Decreased APOE-containing HDL subfractions and cholesterol efflux capacity of serum in mice lacking Pcsk9.

BACKGROUND: Studies in animals showed that PCSK9 is involved in HDL metabolism. We investigated the molecular mechanism by which PCSK9 regulates HDL cholesterol concentration and also whether Pcsk9 inactivation might affect cholesterol efflux capacity of serum and atherosclerotic fatty streak volume. METHODS: Mass spectrometry and western blot were used to analyze the level of apolipoprotein E (APOE) and A1 (APOA1). A mouse model overexpressing human LDLR was used to test the effect of high levels of liver LDLR on the concentration of HDL cholesterol and APOE-containing HDL subfractions. Pcsk9 knockout males lacking LDLR and APOE were used to test whether LDLR and APOE are necessary for PCSK9-mediated HDL cholesterol regulation. We also investigated the effects of Pcsk9 inactivation on cholesterol efflux capacity of serum using THP-1 and J774.A1 macrophage foam cells and atherosclerotic fatty streak volume in the aortic sinus of Pcsk9 knockout males fed an atherogenic diet.

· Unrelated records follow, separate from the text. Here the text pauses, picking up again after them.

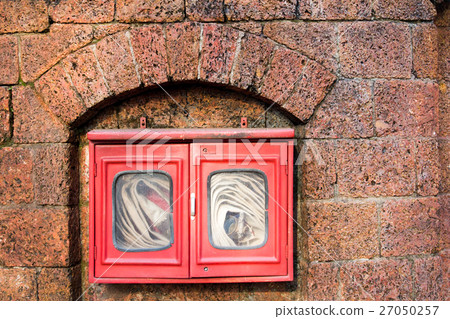 Fire hose in red box on brick wall background Fire hose in red box on brick wall background 27050257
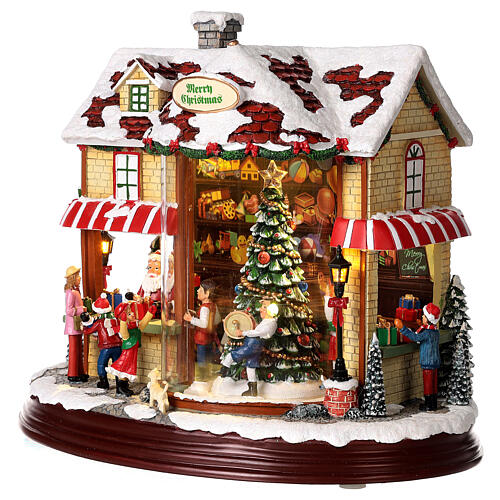 Christmas village set: Santa's shop with Christmas tree in motion 10x12x6 in 5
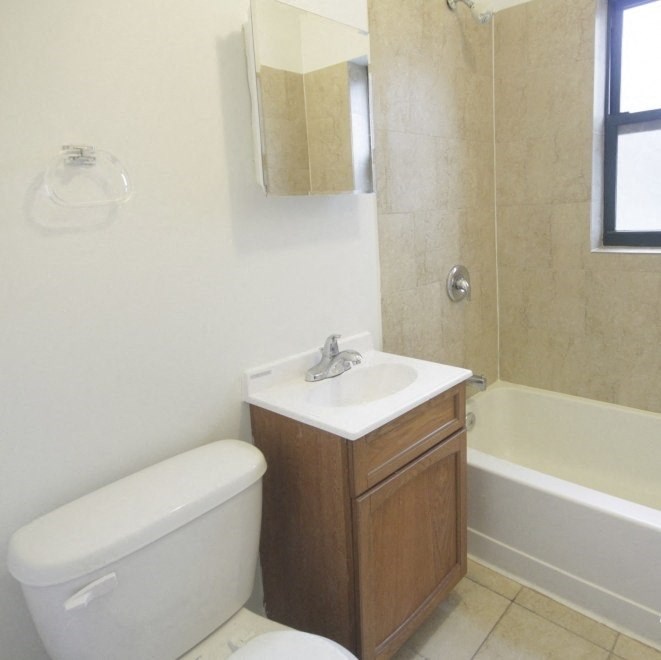 a bathroom with a toilet and a sink and a tub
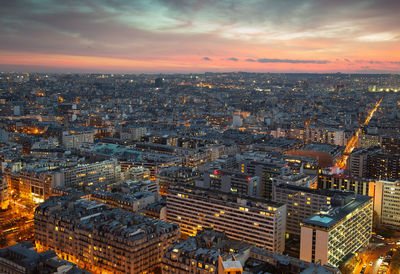 Aerial view of buildings against sky during sunset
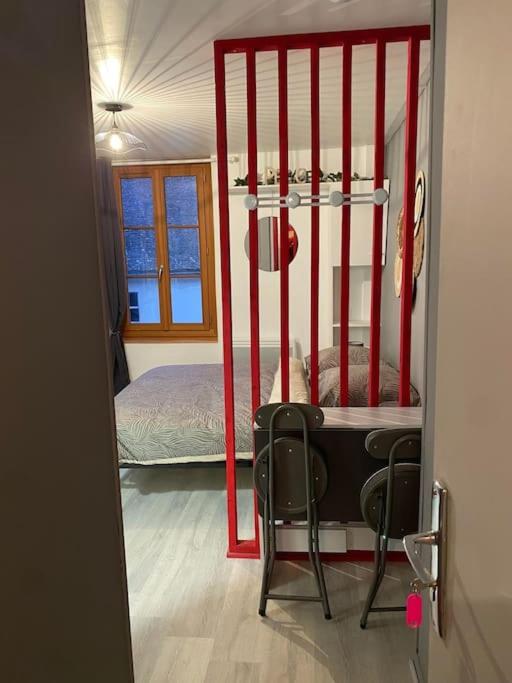 Postel nebo postele na pokoji v ubytování Appart hôtel Toucy 2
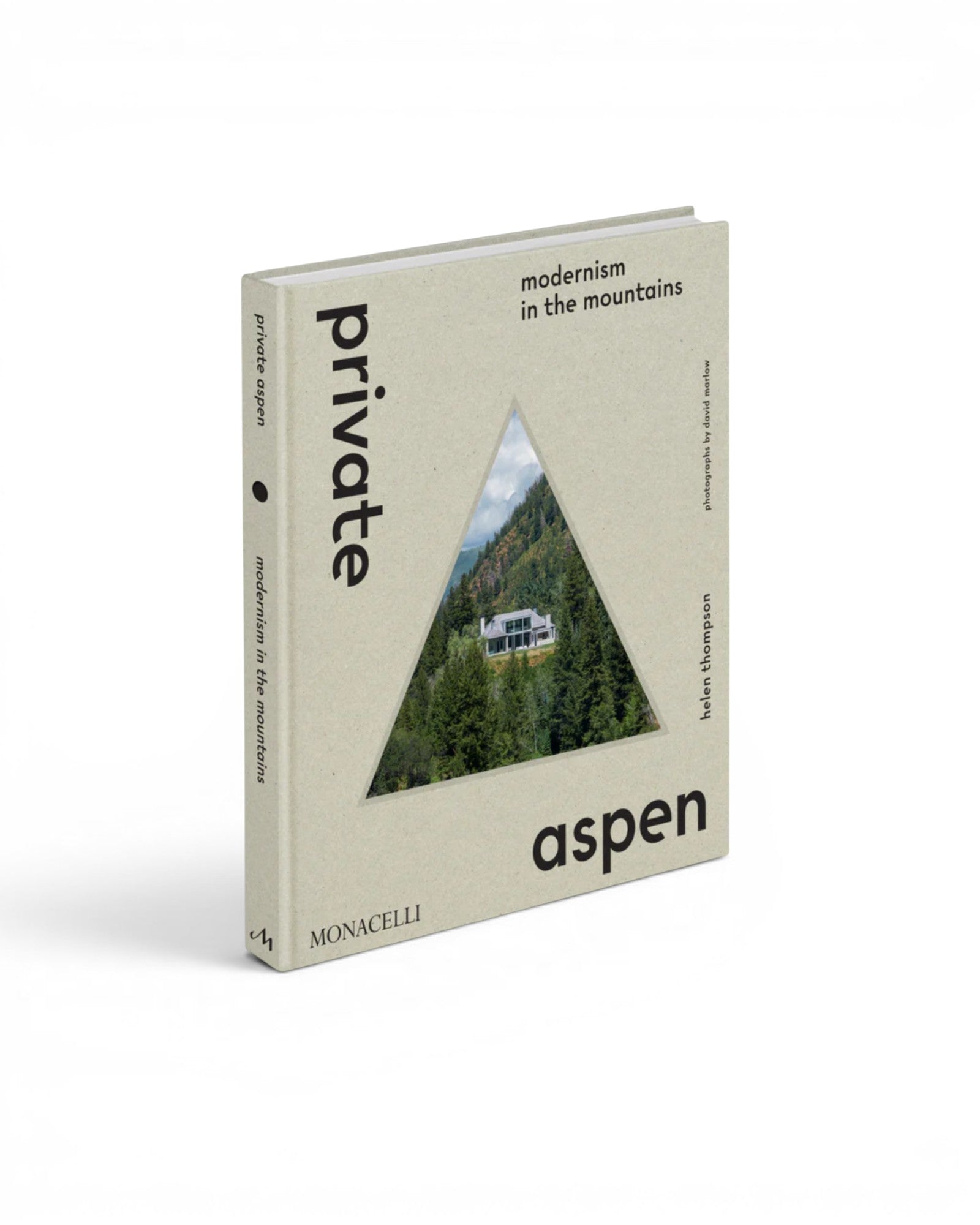 JONES + CO Private Aspen coffee table book featuring a triangular mountain home cutout on a beige hardcover.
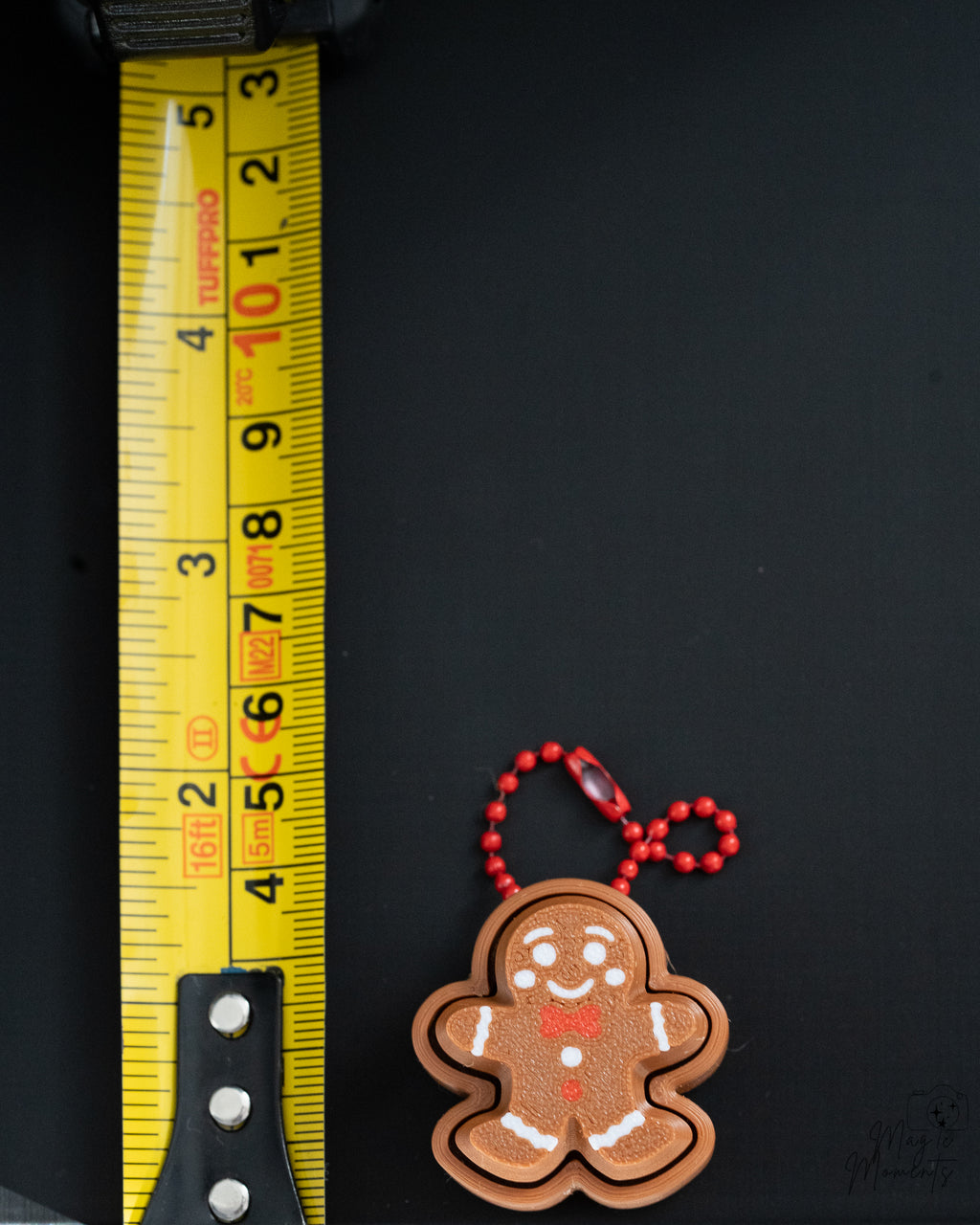 Mini gingerbread clicker with hanging loop next to measuring tape for scale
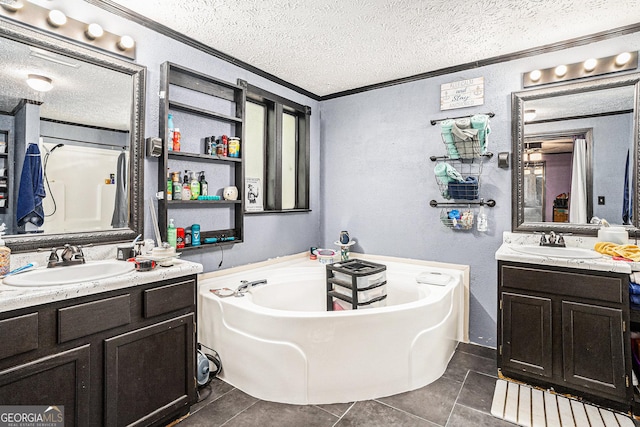 bathroom featuring a tub to relax in, ornamental molding, a textured ceiling, and vanity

RESULTS: APOE and APOA1 were reduced in the same HDL subfractions of Pcsk9 knockout and human LDLR transgenic male mice. In Pcsk9/Ldlr double-knockout mice, HDL cholesterol concentration was lower than in Ldlr knockout mice and higher than in wild-type controls. In Pcsk9/Apoe double-knockout mice, HDL cholesterol concentration was similar to that of Apoe knockout males. In Pcsk9 knockout males, THP-1 macrophage cholesterol efflux capacity of serum was reduced and the fatty streak lesion volume was similar to wild-type controls. CONCLUSIONS: In mice, LDLR and APOE are important factors for PCSK9-mediated HDL regulation. Our data suggest that, although LDLR plays a major role in PCSK9-mediated regulation of HDL cholesterol concentration, it is not the only mechanism and that, regardless of mechanism, APOE is essential. Pcsk9 inactivation decreases the HDL cholesterol concentration and cholesterol efflux capacity in serum, but does not increase atherosclerotic fatty streak volume.

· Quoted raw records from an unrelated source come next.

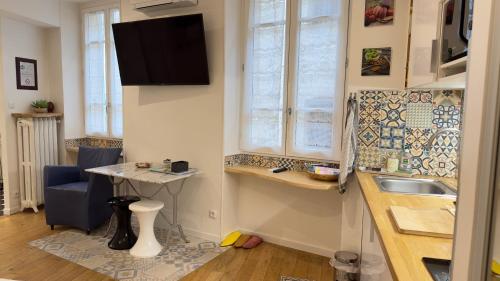une petite cuisine avec un évier et une table dans l'établissement Le studio d'Agathe centre historique - Confort & Calme, à Valence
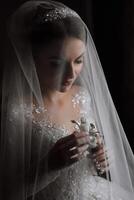 moda foto di un' bellissimo sposa con buio capelli nel un elegante nozze vestito e sbalorditivo trucco nel il camera su il mattina di il nozze. il sposa è preparazione per il nozze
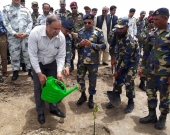 Mahmood Akhtar Cheema, IUCN Pakistan Country Representative, plants a mangrove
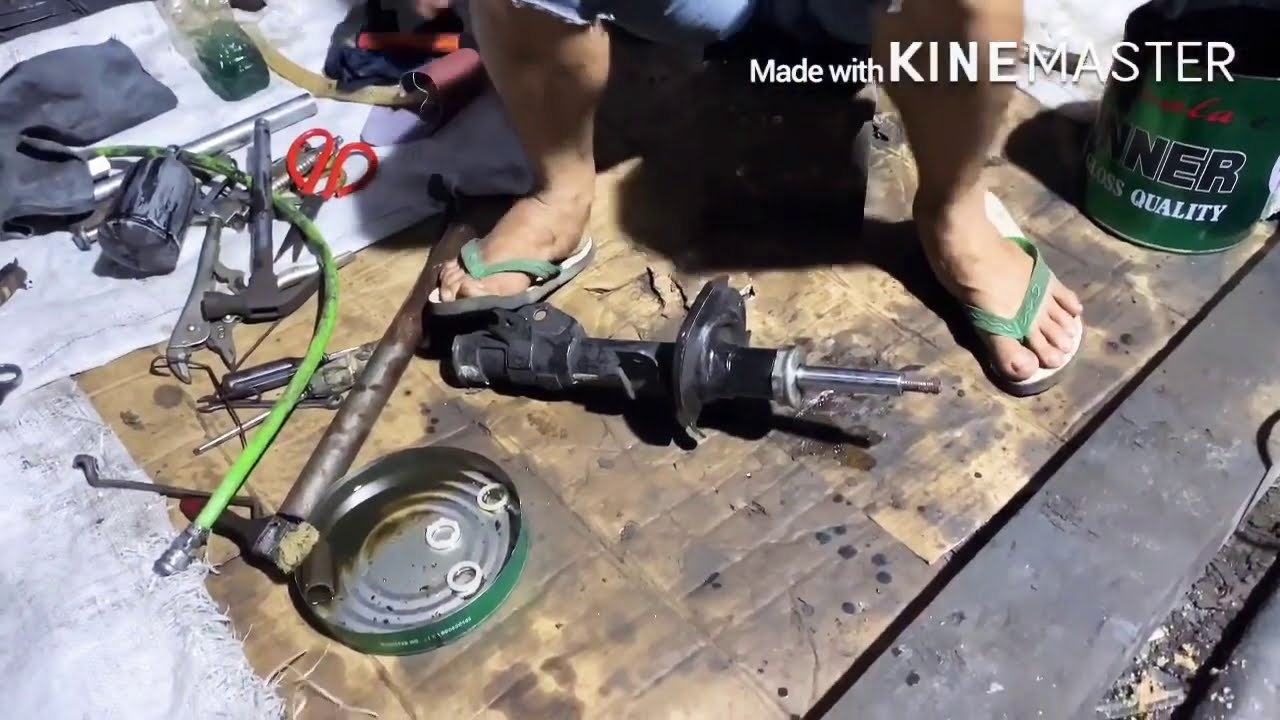 Cara perbaiki/servis Shockbreaker mobil Mazda 2 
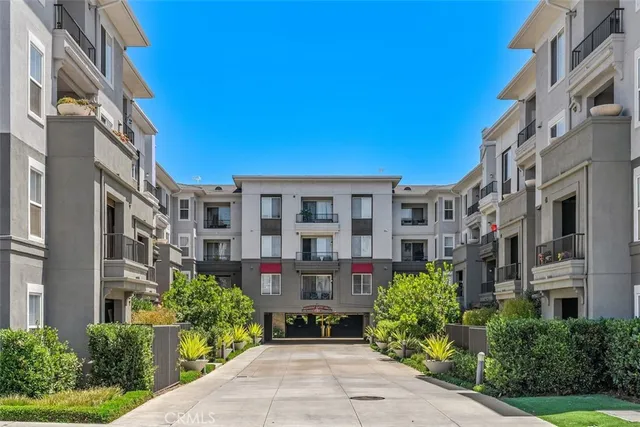 a front view of a multi story building with yard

Proprotein convertase subtilisin/kexin type 9 (PCSK9) can mediate degradation of the low density lipoprotein receptor-related protein 1 (LRP-1).

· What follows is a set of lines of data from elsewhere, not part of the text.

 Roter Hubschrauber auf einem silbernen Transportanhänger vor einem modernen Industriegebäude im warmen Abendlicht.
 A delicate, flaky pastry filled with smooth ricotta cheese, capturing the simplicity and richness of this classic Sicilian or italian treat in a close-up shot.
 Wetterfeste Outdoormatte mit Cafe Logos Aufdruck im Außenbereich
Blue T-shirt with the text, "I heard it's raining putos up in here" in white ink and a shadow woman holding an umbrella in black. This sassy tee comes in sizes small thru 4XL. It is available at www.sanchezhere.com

Elevated LDL-cholesterol (LDLc) levels are a major risk factor for cardiovascular disease and atherosclerosis. LDLc is cleared from circulation by the LDL receptor (LDLR). Proprotein convertase subtilisin/kexin 9 (PCSK9) enhances the degradation of the LDLR in endosomes/lysosomes, resulting in increased circulating LDLc. PCSK9 can also mediate the degradation of LDLR lacking its cytosolic tail, suggesting the presence of as yet undefined lysosomal-targeting factor(s). Herein, we confirm this, and also eliminate a role for the transmembrane-domain of the LDLR in mediating its PCSK9-induced internalization and degradation. Recent findings from our laboratory also suggest a role for PCSK9 in enhancing tumor metastasis. We show herein that while the LDLR is insensitive to PCSK9 in murine B16F1 melanoma cells, PCSK9 is able to induce degradation of the low density lipoprotein receptor-related protein 1 (LRP-1), suggesting distinct targeting mechanisms for these receptors. Furthermore, PCSK9 is still capable of acting upon the LDLR in CHO 13-5-1 cells lacking LRP-1. Conversely, PCSK9 also acts on LRP-1 in the absence of the LDLR in CHO-A7 cells, where re-introduction of the LDLR leads to reduced PCSK9-mediated degradation of LRP-1. Thus, while PCSK9 is capable of inducing degradation of LRP-1, the latter is not an essential factor for LDLR regulation, but the LDLR effectively competes with LRP-1 for PCSK9 activity. Identification of PCSK9 targets should allow a better understanding of the consequences of PCSK9 inhibition for lowering LDLc and tumor metastasis.